Ce plan de paix aurait été préparé dans le plus grand secret par son gendre et conseiller Jared Kushner. "Si les Israéliens et les Palestiniens veulent un État, c'est OK pour moi. S'ils veulent deux États, c'est OK pour moi... Je suis un facilitateur".  Il s'est voulu rassurant évoquant un plan équilibré même si Jared Kushner, "adore Israël".  

Ce plan sera mis en place "dans les deux, trois ou quatre mois", a assuré Trump. 

Cette nouvelle est un tournant mais malgré ce pas en direction des revendications des Palestiniens, le dialogue est rompu. Pour l'autorité palestinienne, ces propos de Trump "vont à l'encontre de leurs actes, et leurs actes détruisent clairement toute possibilité d'une solution à deux Etats", a expliqué Hossam Zomlot, chef de la mission diplomatique palestinienne à Washington.

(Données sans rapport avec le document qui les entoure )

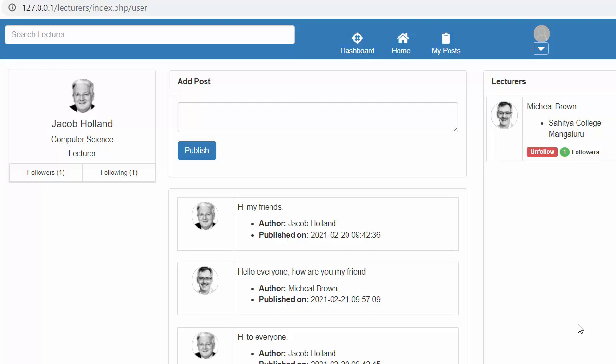Hi friends and subscribers, this is Mahushik. From the past few videos I have been working on developing a lecturers management system using PHP CodeIgniter, Ajax and jQuery. In my last video I completed the functionality of developing the follow and unfollow feature, and in this video I will discuss about displaying the followers and following count below the card of the logged-in user.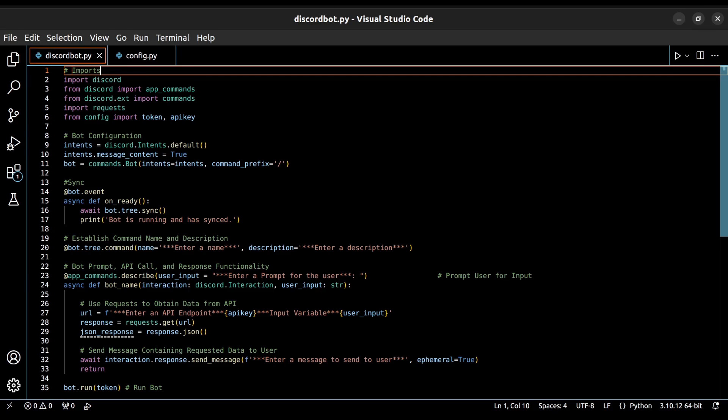Here I have a simple code template to make it easier for you to get started on your first discord bot. I've included a link to this template in the description below. Starting here at the top, we have the imports necessary to run our bot.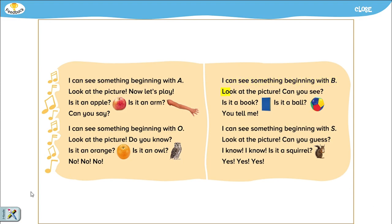I can see something beginning with B. Look at the picture. Can you see? Is it a book? Is it a ball? You tell me.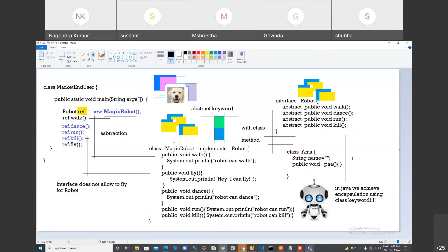For every object, when it is designed, its attributes and behaviors are fixed. You can control the behavior of an object with the help of its attribute state. So this is why encapsulation defines a boundary — every object has fixed attributes and behaviors.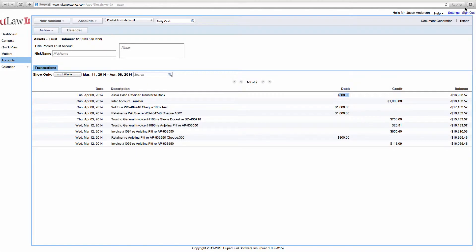The question that we've been asked is: say I put an expense into ULAW and I want to actually correct it because I made a mistake. How would I go about doing it?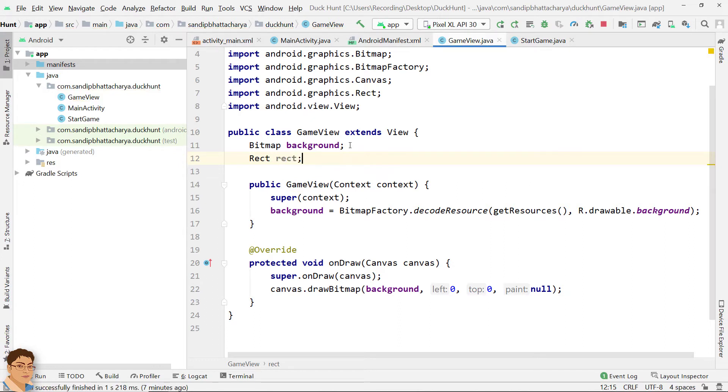In our case, the coordinates for left and top are 0 and 0, but for right and bottom, it should be the value of width and height of the screen respectively.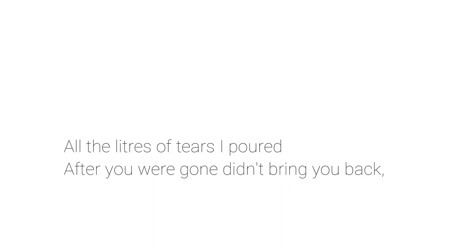All the liters of tears I poured after you were gone, they didn't bring you back, but it's fine, I will stay strong like a rock.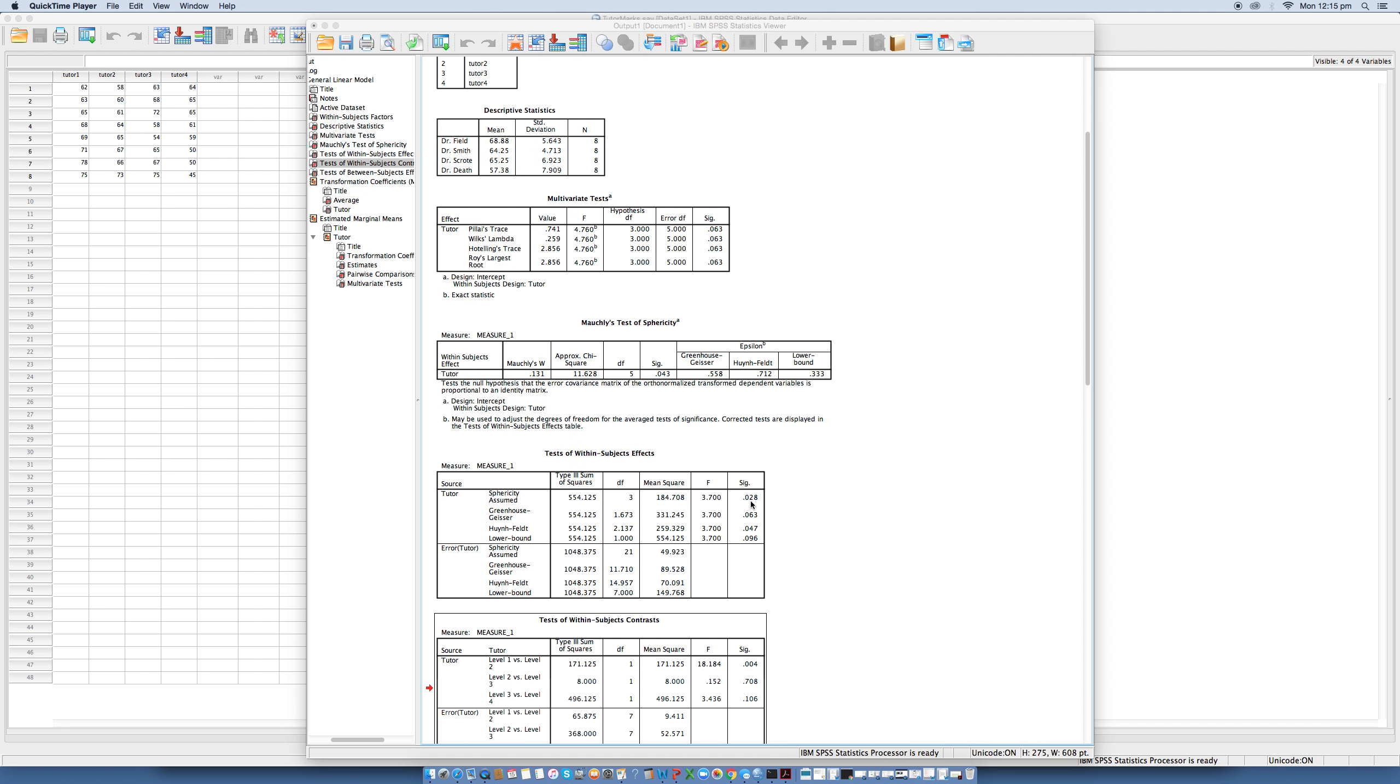However, this main test does not tell us which lecturers actually differed from each other based on their marking. So we'll just stop it here, and we'll continue on to part 3 in a moment.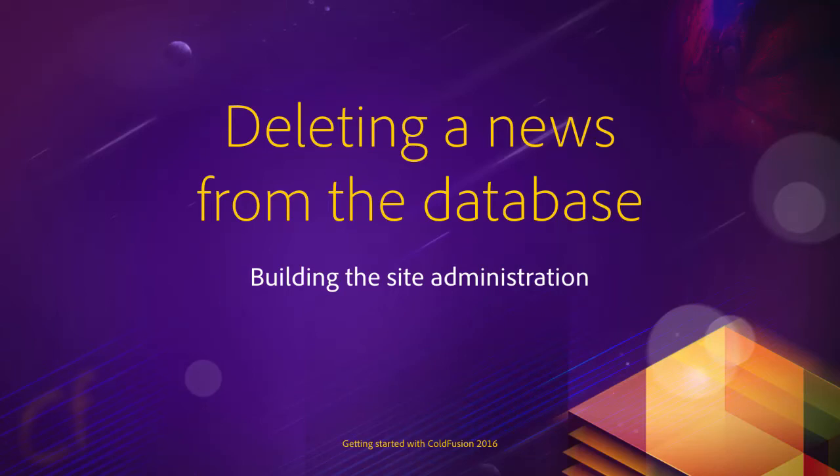In this video, we will write the delete operation for the news administration of the site.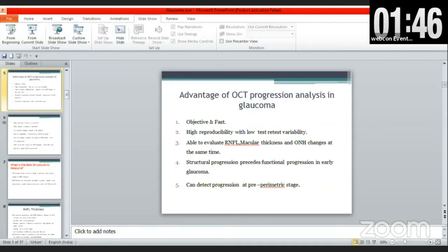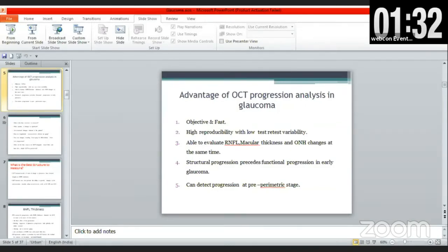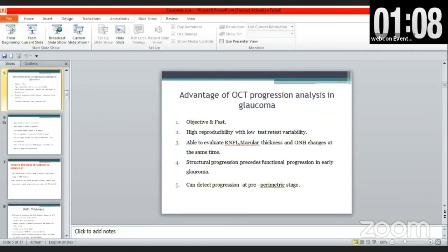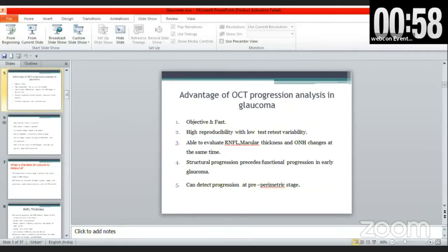There are now available OCT systems for combined structure and function evaluation, known as the FORUM platform, which automatically combines relevant information from the Humphrey Visual Field, Cirrus HD-OCT, and fundus images. The HFA and Cirrus OCT combined report on FORUM summarizes the patient's structure and function analysis on a single printout, based on longitudinal data rather than normative comparisons. The red areas show outside-normal-limit or severe thinning; yellow is borderline and green is normal.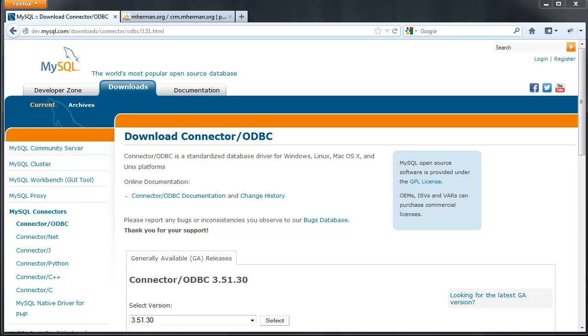Alright, so in this video I'm going to show you how to establish a connection between Microsoft Access and MySQL and then extract an Access database to MySQL.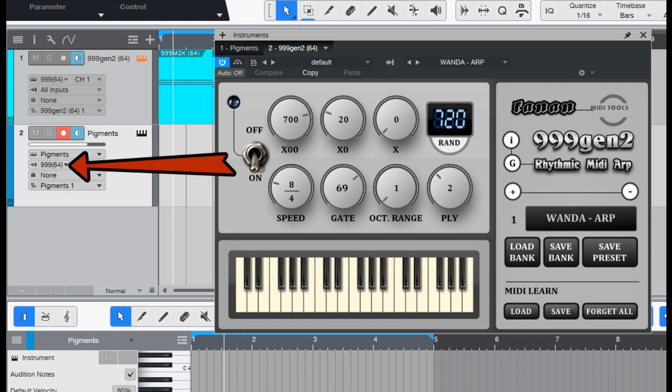Fanon Team has released 999 Gen 2, a Rhythmic Midi Arpeggiator for Windows. They say, the next generation of our 999 Rhythmic Midi Arpeggiator, with improved ply and speed features.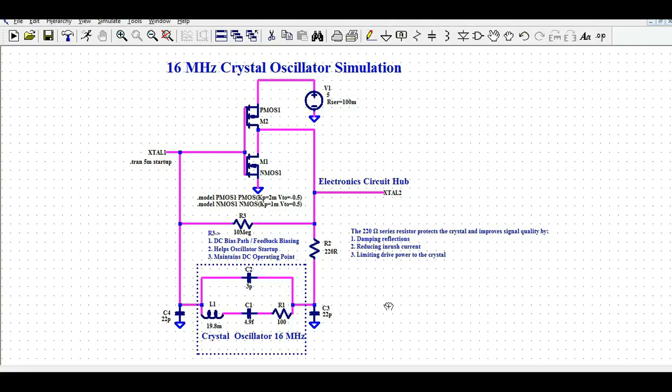Hello friends, welcome to Electronic Circuit Hub. Today we are going to understand the design and simulation of a 16 MHz crystal oscillator — how to design it and how to simulate it in LTSpice.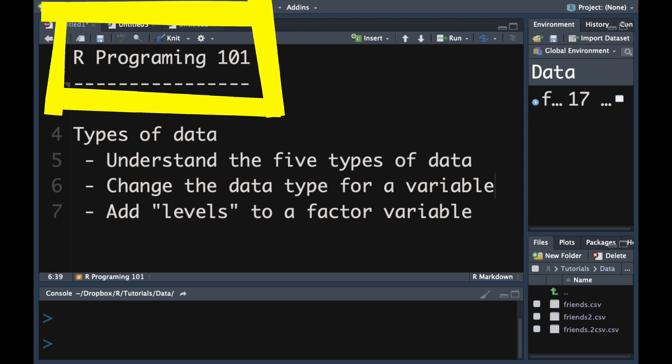Welcome back to R Programming 101. Today we're going to talk about types of data. We're going to understand the five most important types of data, and there are others which we'll allude to. We're going to talk about how to change the data type for a given variable, and we're going to learn about how to add a level to a factor — it's going to make perfect sense as we carry on.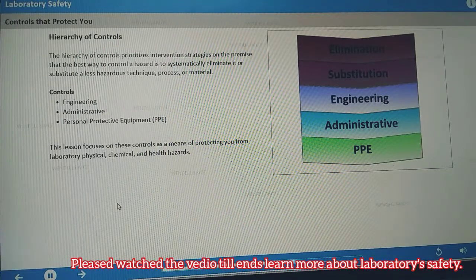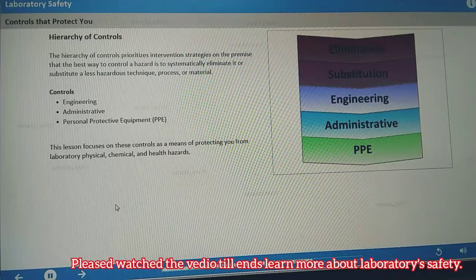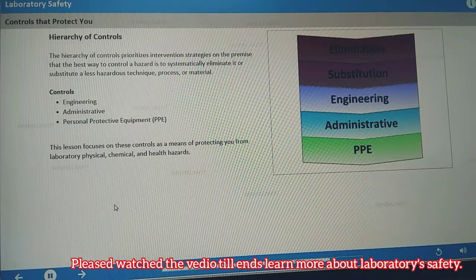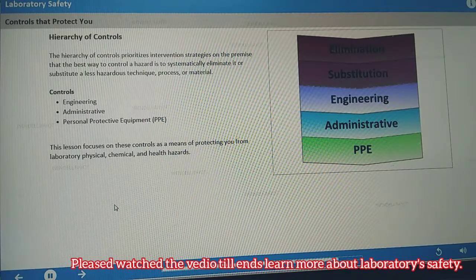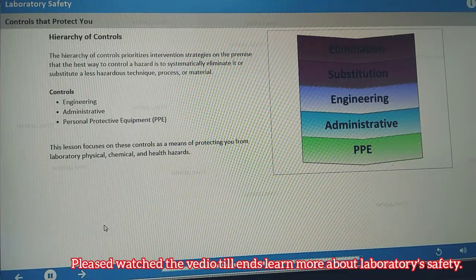Your responsibility is to use engineering controls, follow administrative controls, and wear personal protective equipment correctly and effectively. This lesson focuses on these controls as a means of protecting you from laboratory physical, chemical, and health hazards.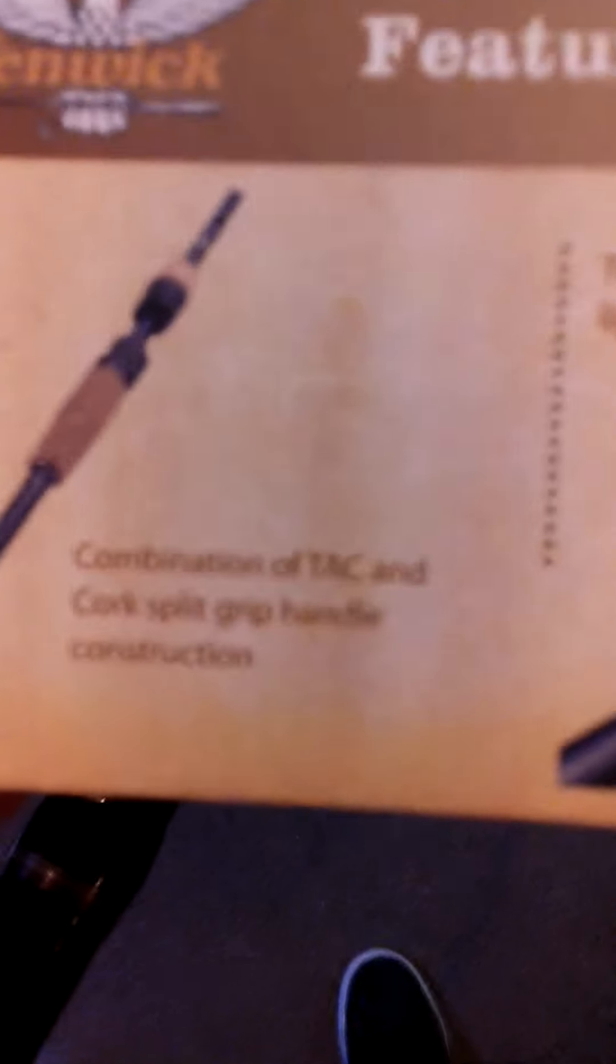It has a combination of tack and cork split grip handle.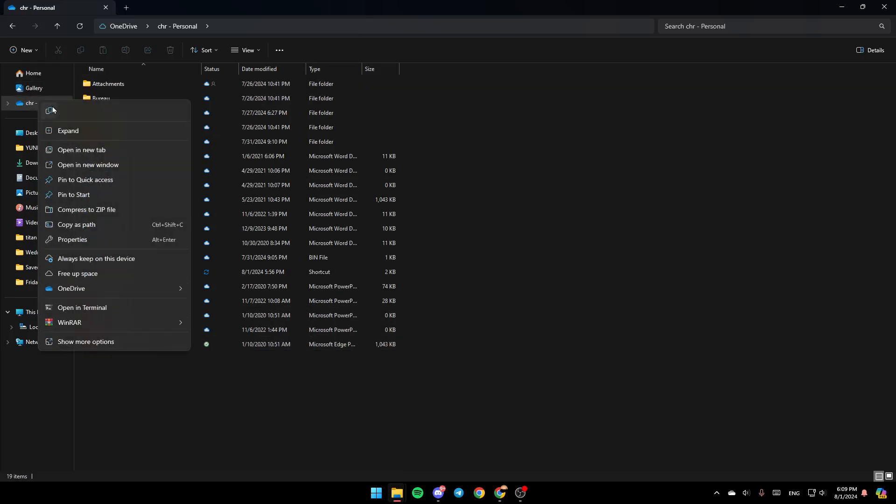Right click on OneDrive and then here you're going to find all of these options. Here you can copy it, expand it, open in a new tab, open in your window, and so on. Right here you're going to find Always Keep on this device, Free Up Space, and lastly, right here you're going to find OneDrive.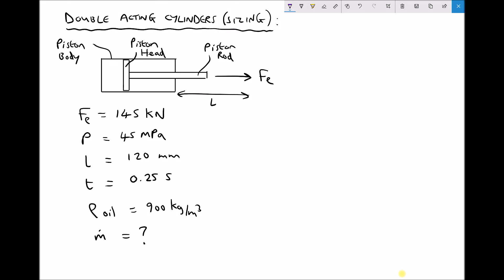In this example we've been given some different information and the variables we're going to be calculating have changed. We're specifying that we want a force on extension of 145 kN. We have the same system pressure, but we've also been given something called the stroke length. In this scenario we're assuming that the cylinder needs to fully extend in a given time period of 0.25 seconds.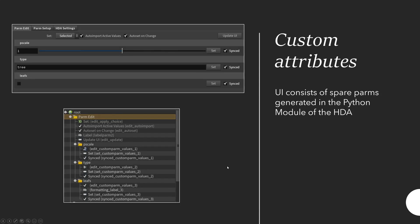On the UI side this all works with spare parameters. It's not actual parameters on the HDA. What I do is as soon as the user hits update UI I read the values from the parm setup and then I create these spare parameters automatically and set callback functions on them. When the user changes the value I can automatically update the JSON.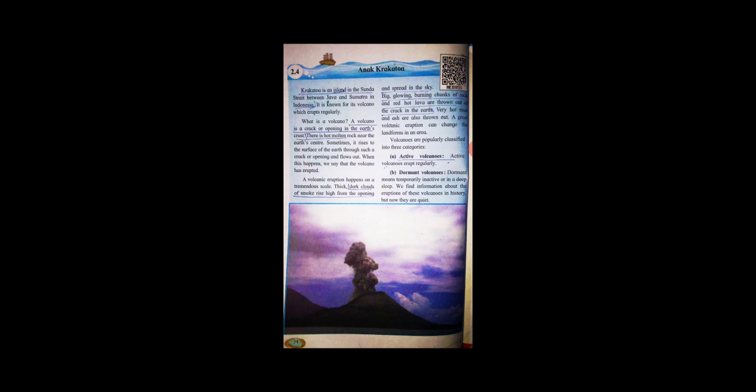What is a volcano? A volcano is a crack or opening in the Earth's crust. There is hot molten rock near the Earth's center. Sometimes it rises to the surface of the Earth through such a crack or opening.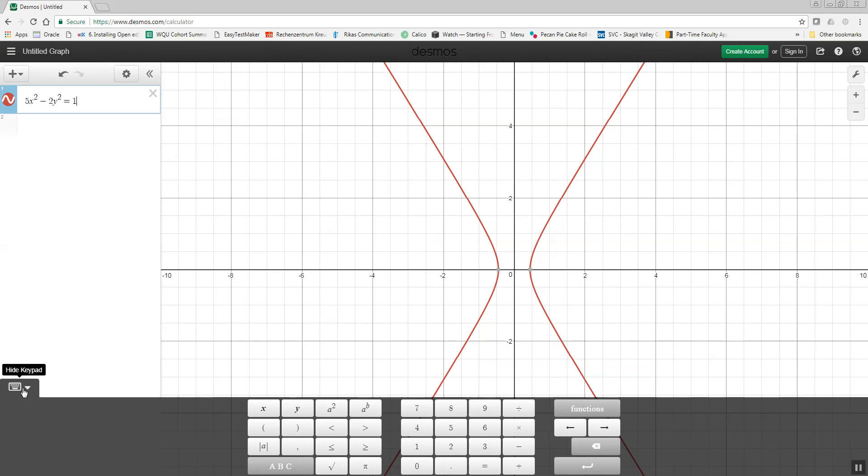But that's graphing with Desmos. And here's how you show the keypad if it disappears.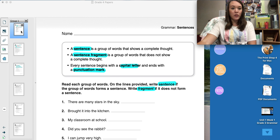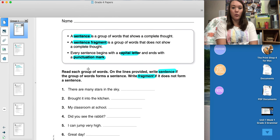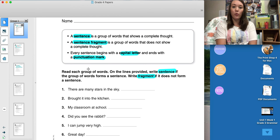Your first page is page one, and on this page we are going to be looking at sentences, sentence fragments, capital letters, and punctuation marks. The box at the top of the page tells me that a sentence is a group of words that shows a complete thought. A sentence fragment is a group of words that does not show a complete thought, and every sentence should begin with a capital letter and end with a punctuation mark, whether that is a period, exclamation point, or question mark.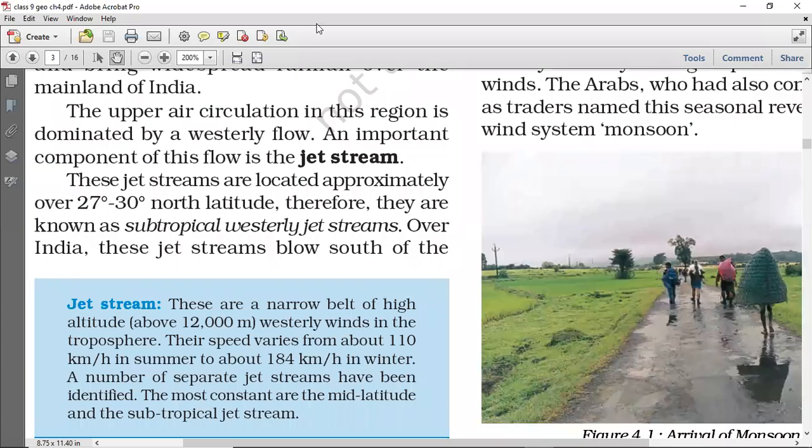Hello students, welcome to the geography class. We are doing Chapter 4: Climate from the NCERT book. This is the third video continuing from Chapter 4.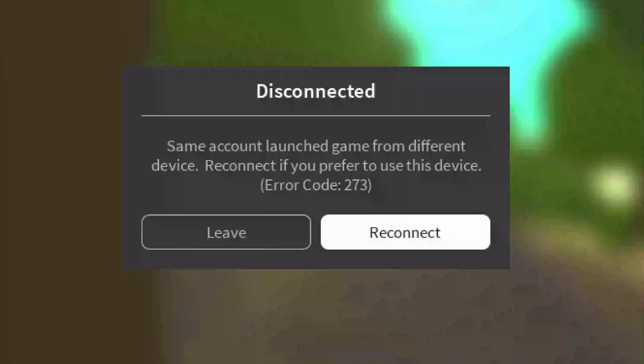Hello everyone, in this video I will show you a few solutions to fix the Roblox error code 273. Please follow the steps with me and let's get started.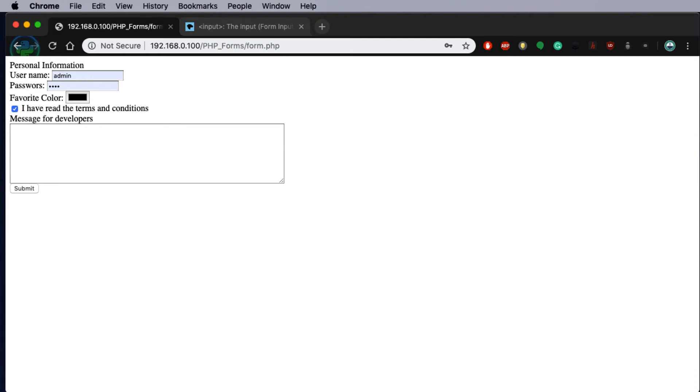Welcome to this tutorial on forms in PHP. Through this tutorial we'll look at building forms that are interactive so we can collect information from the user to later process it through our PHP script. So let's get underway.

Cette administration a d'ailleurs été récemment fermée. Il s'agit d'une des mesures spectaculaires prises par Donald Trump contre les Palestiniens. Depuis sa décision sur Jérusalem, les Palestiniens ne veulent plus de lui comme médiateur dans le processus de paix.  

Washington a aussi coupé presque toute son aide bilatérale et a cessé son financement de l'agence de l'ONU pour les réfugiés palestiniens, l'UNRWA, dont les États-Unis étaient le premier contributeur.  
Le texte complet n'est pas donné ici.